§ Aim of the task
Retype only the lines running from the beginning of the entries below to the line with "Budynek Poczty w Opolu", both included. Do not include pictures.

§ Short web captions
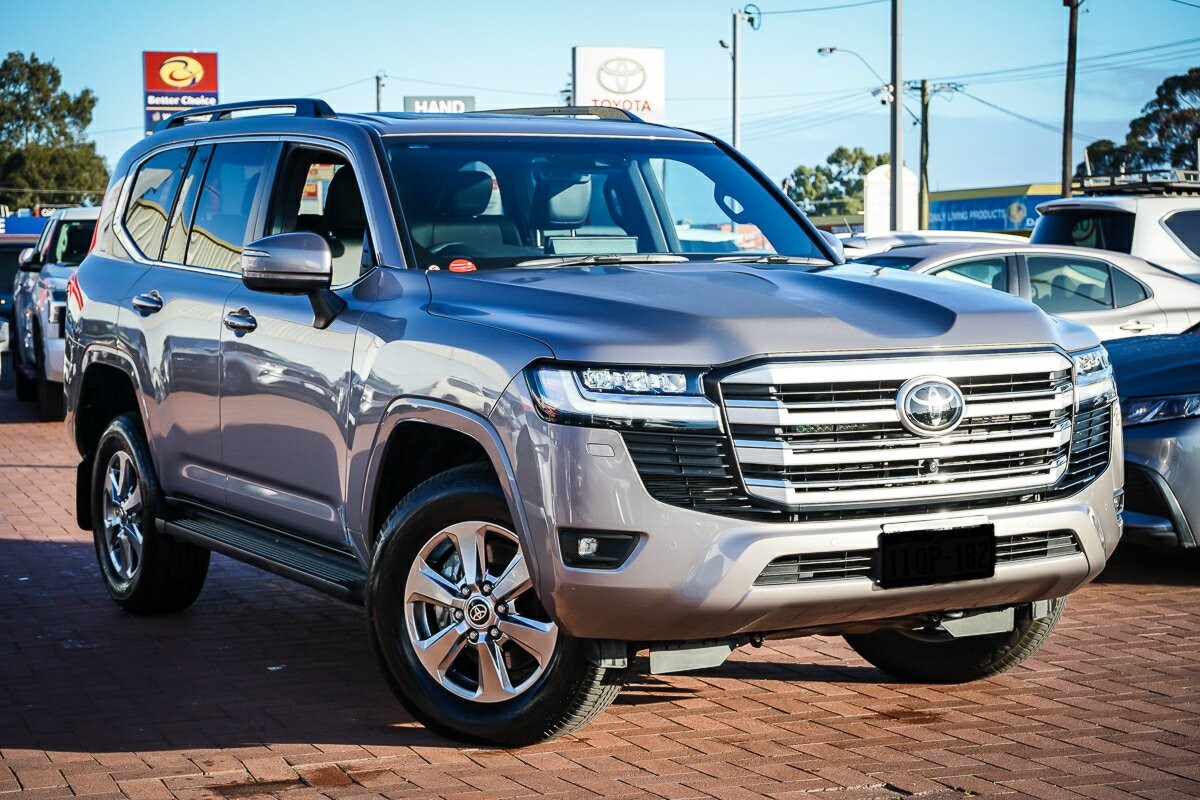 Toyota Landcruiser image 1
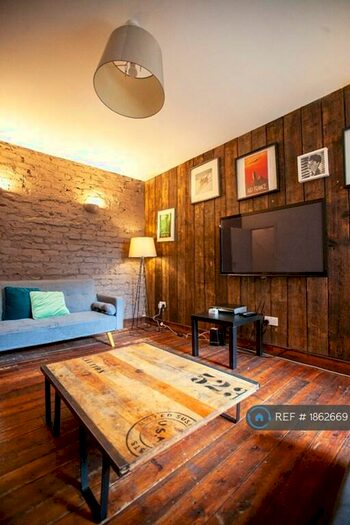 9 Bedroom Semi-Detached House To Rent In Ladybarn Lane, Manchester, M14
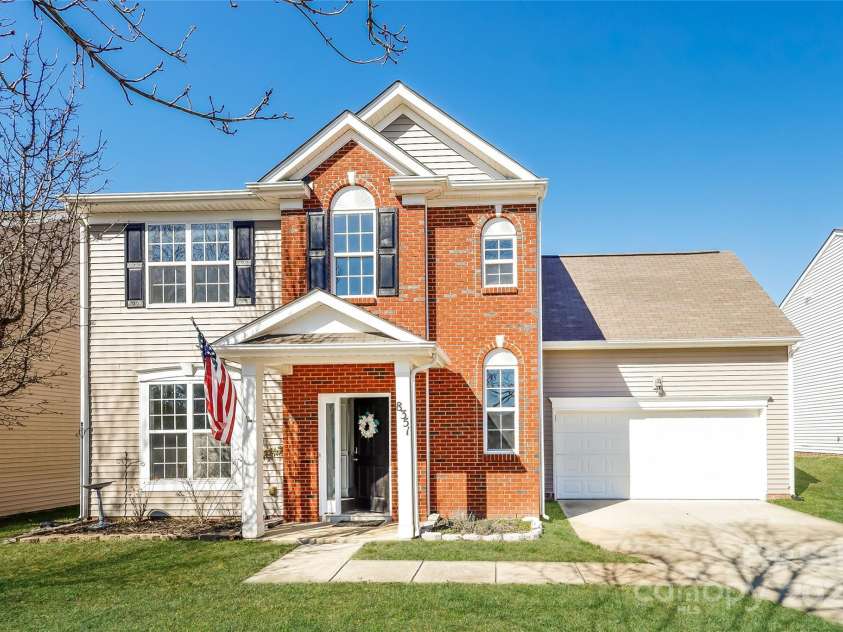 8351 Rolling Meadows Lane, Huntersville, NC 28078.  MLS# CAR4276878, YatesRealty ID 23284. 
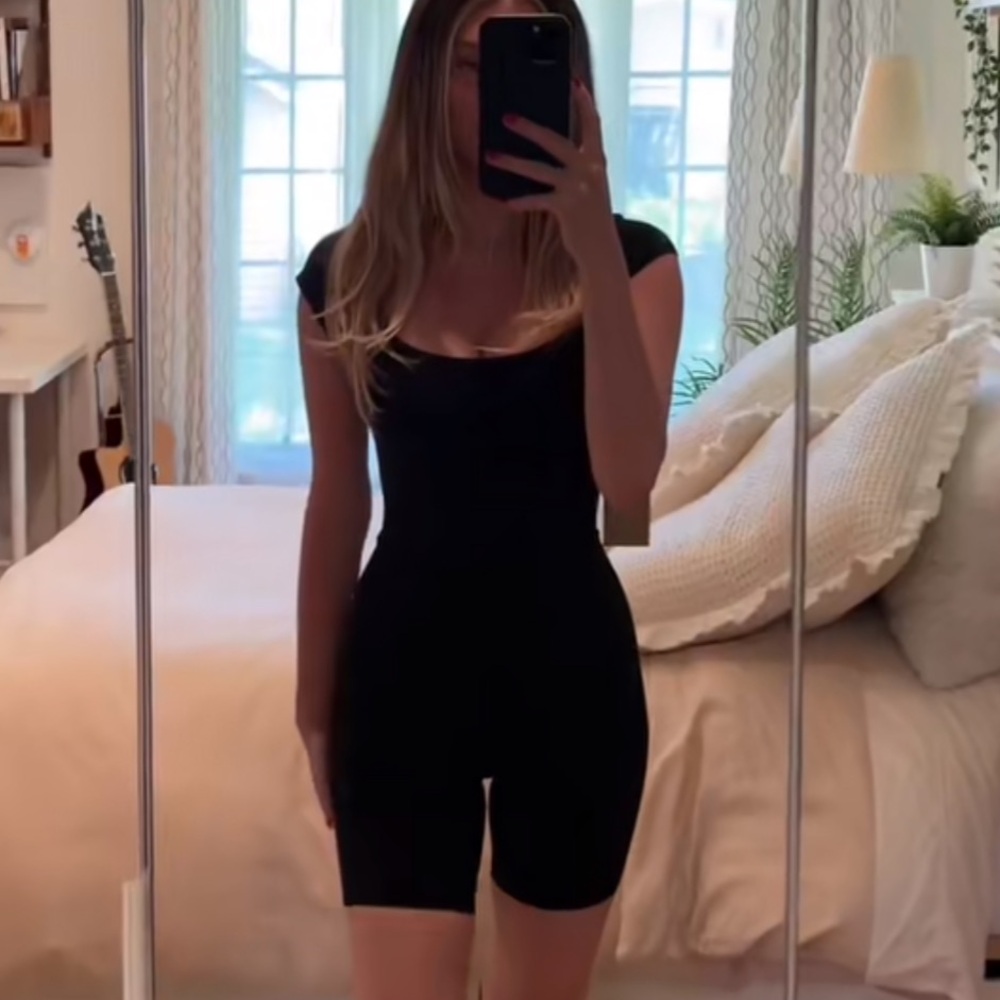 NWT Aritzia Theodora Black Jumpsuit Womens size XS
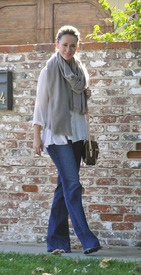 50963_Preppie_Jennifer_Love_Hewitt_out_in_Toluca.jpg
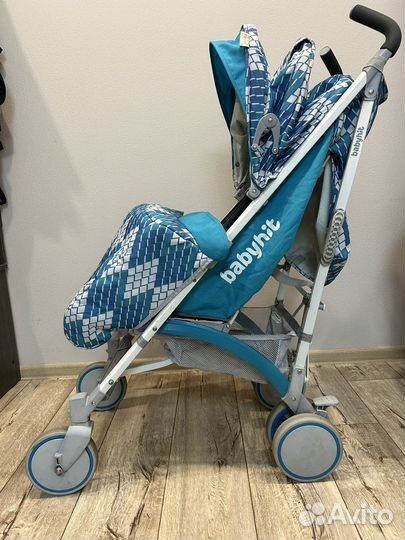 Коляска прогулочная baby hit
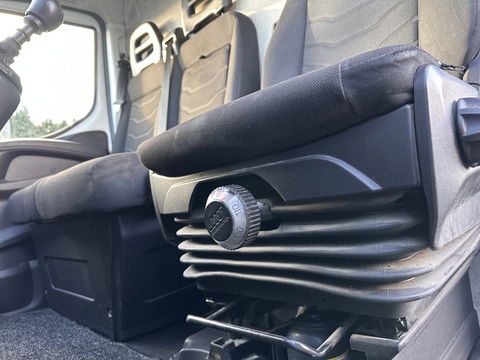 Iveco Daily 35S13V 2.3 352 H2 *REFRIGERATED-COMPARTMENT | AIRCO | CRUISE | AIRPRESSURE-SEAT | 3-PERS *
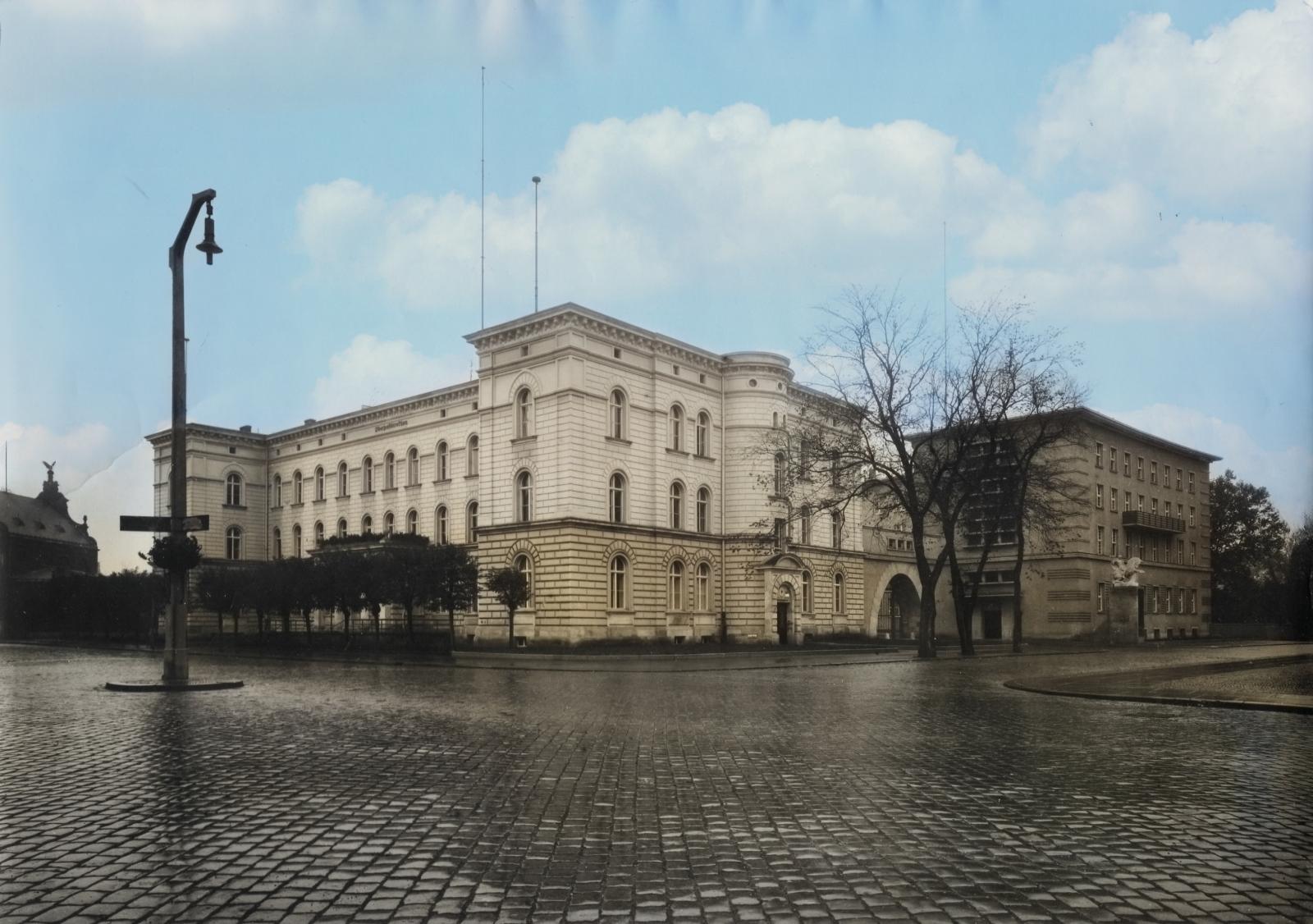 Budynek Poczty w Opolu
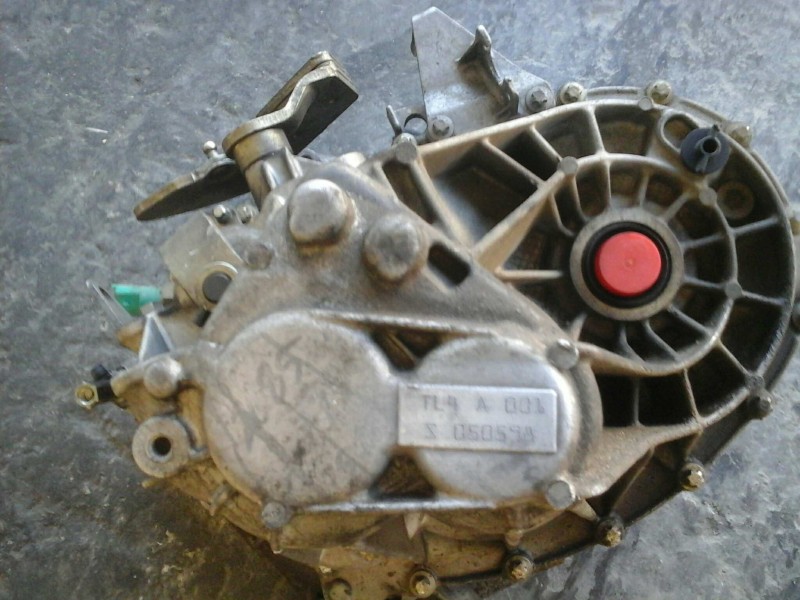 Recambio de caja cambios para renault megane ii classic berlina dynamique referencia OEM IAM TL4A001  6 VELOCIDADES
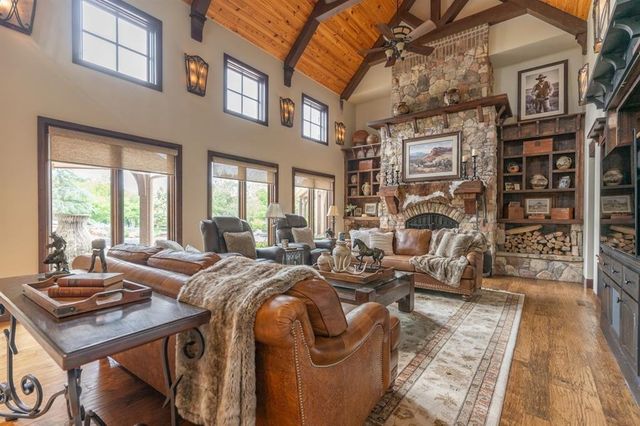 3150 W Waterloo Road, Edmond, OK 73025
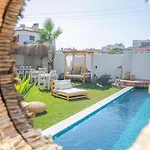 Отель Sol De Verano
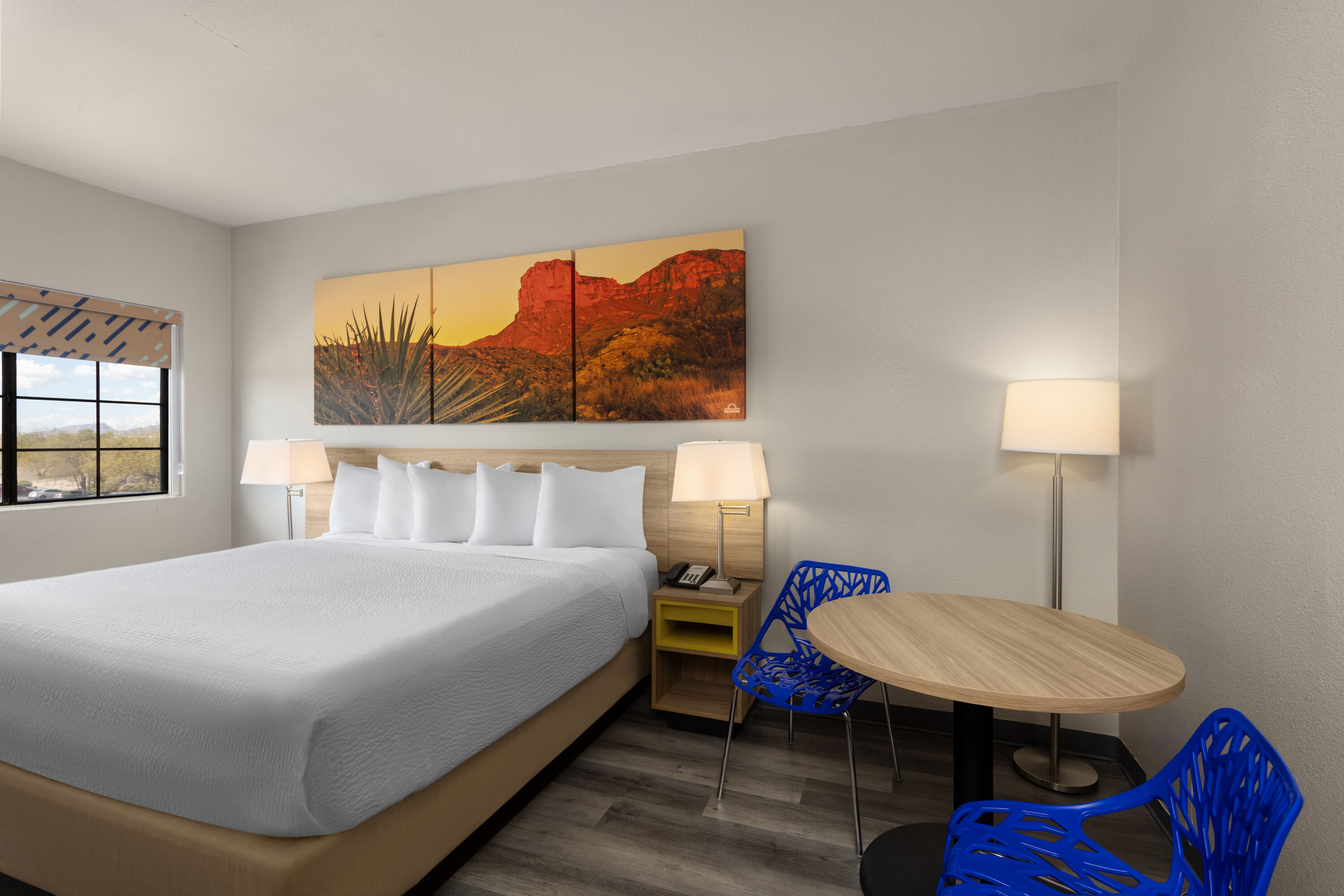 Guest room at the Days Inn & Suites by Wyndham Tucson/Marana in Tucson, Arizona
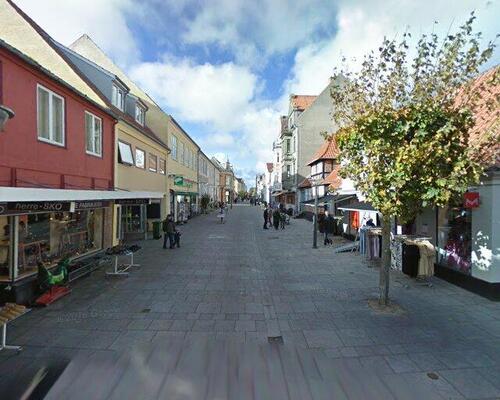 Lys og hyggelig lejlighed udlejes.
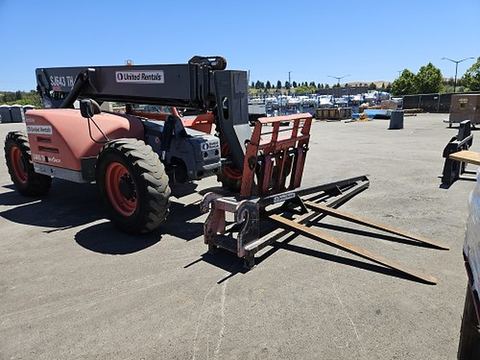 2017 SKYJACK SJ643TH Forklift Variable Reach 6000# 40-49'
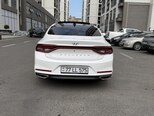 Hyundai Grandeur-2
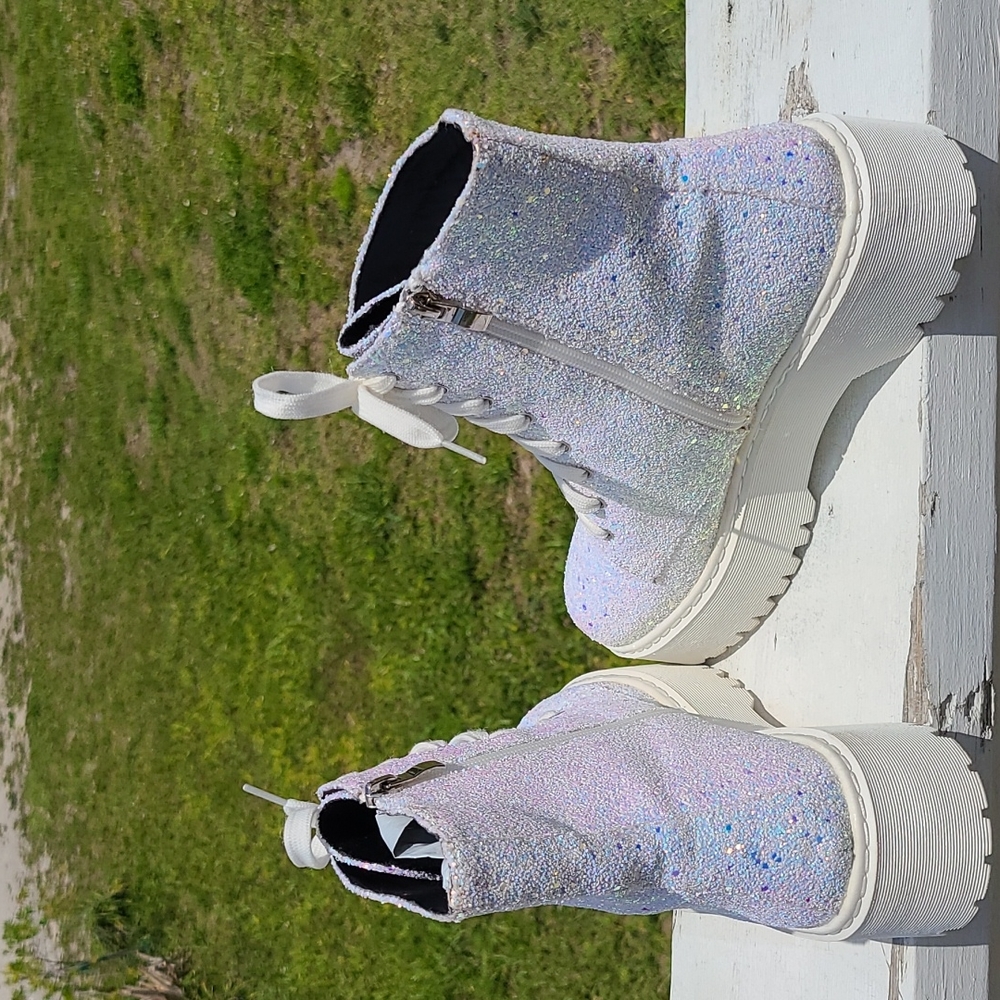 BOOTS BLINGY / SIZE 9, BUT MORE LIKE 8** - Picture 3 of 3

§ Answer for the task
 Toyota Landcruiser image 1
 9 Bedroom Semi-Detached House To Rent In Ladybarn Lane, Manchester, M14
 8351 Rolling Meadows Lane, Huntersville, NC 28078.  MLS# CAR4276878, YatesRealty ID 23284. 
 NWT Aritzia Theodora Black Jumpsuit Womens size XS
 50963_Preppie_Jennifer_Love_Hewitt_out_in_Toluca.jpg
 Коляска прогулочная baby hit
 Iveco Daily 35S13V 2.3 352 H2 *REFRIGERATED-COMPARTMENT | AIRCO | CRUISE | AIRPRESSURE-SEAT | 3-PERS *
 Budynek Poczty w Opolu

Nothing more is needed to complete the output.